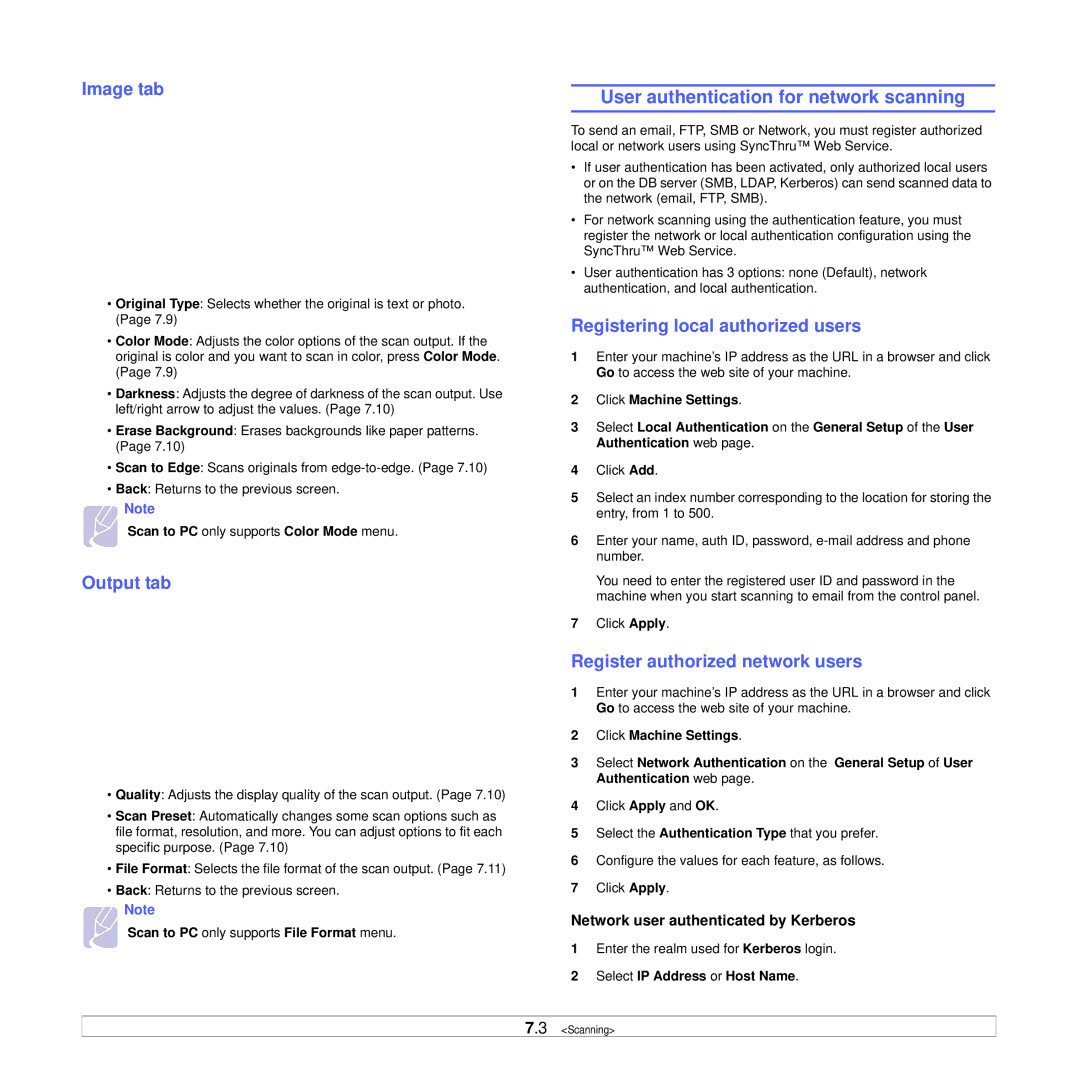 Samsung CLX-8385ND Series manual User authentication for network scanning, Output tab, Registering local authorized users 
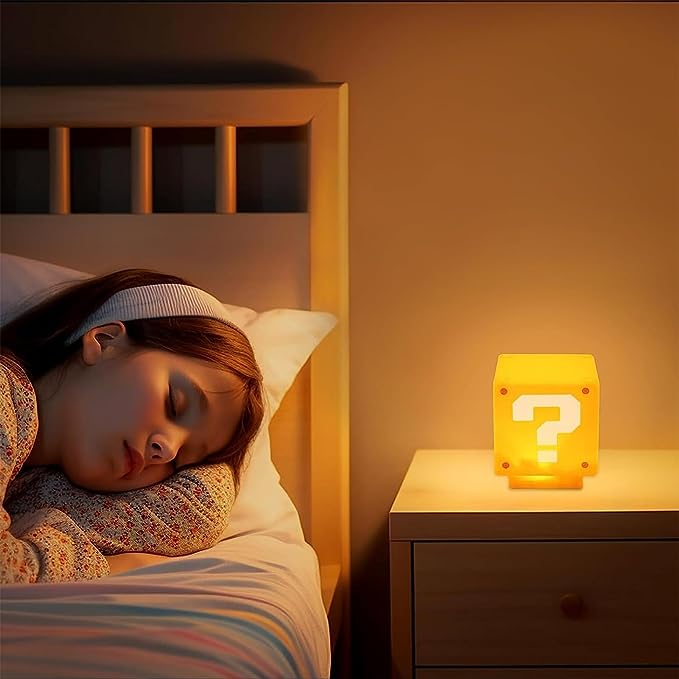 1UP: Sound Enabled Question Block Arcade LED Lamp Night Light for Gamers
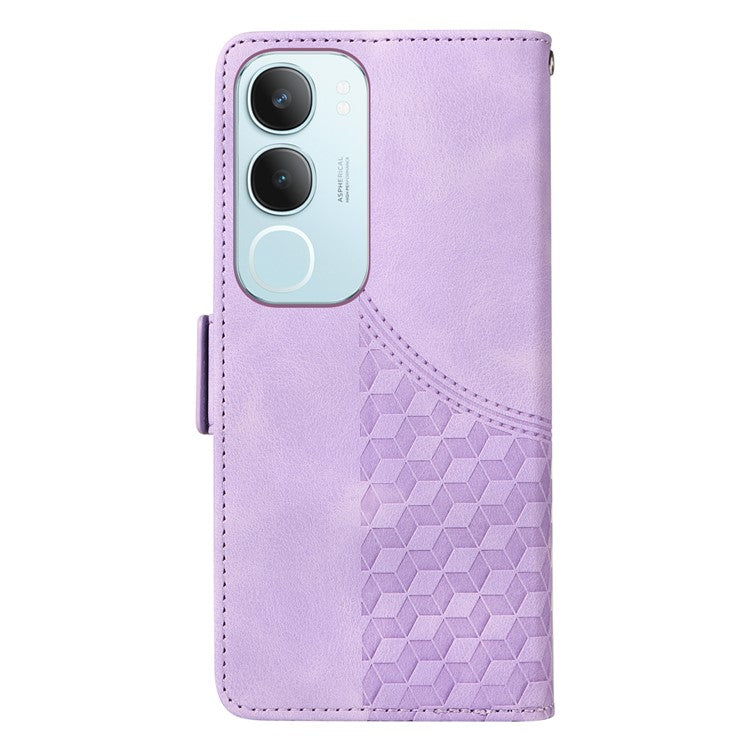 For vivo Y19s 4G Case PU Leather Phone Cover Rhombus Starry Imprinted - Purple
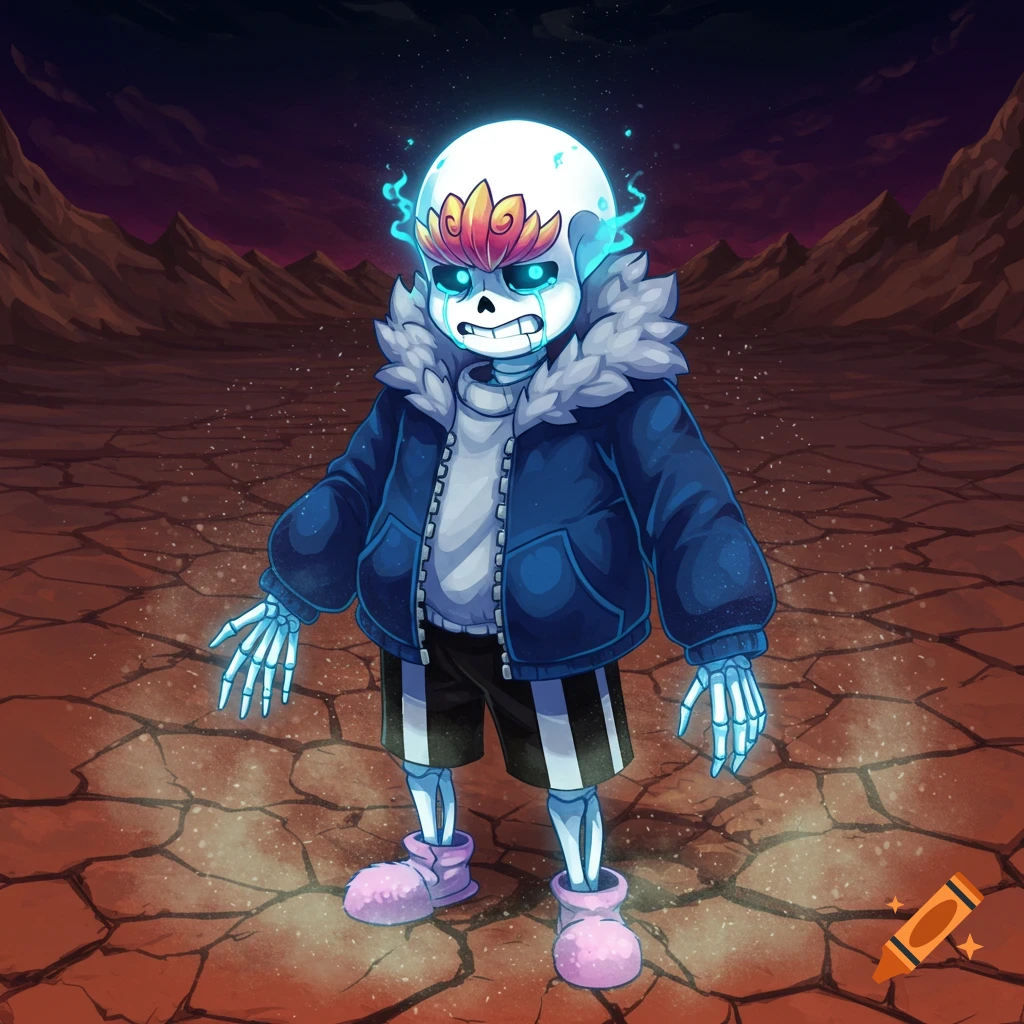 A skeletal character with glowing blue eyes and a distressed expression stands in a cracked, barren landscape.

====

Pictures aside, reproduce exactly the lines from the one containing "For vivo Y19s" to the end of the listing above, both ends included.

 For vivo Y19s 4G Case PU Leather Phone Cover Rhombus Starry Imprinted - Purple
 A skeletal character with glowing blue eyes and a distressed expression stands in a cracked, barren landscape.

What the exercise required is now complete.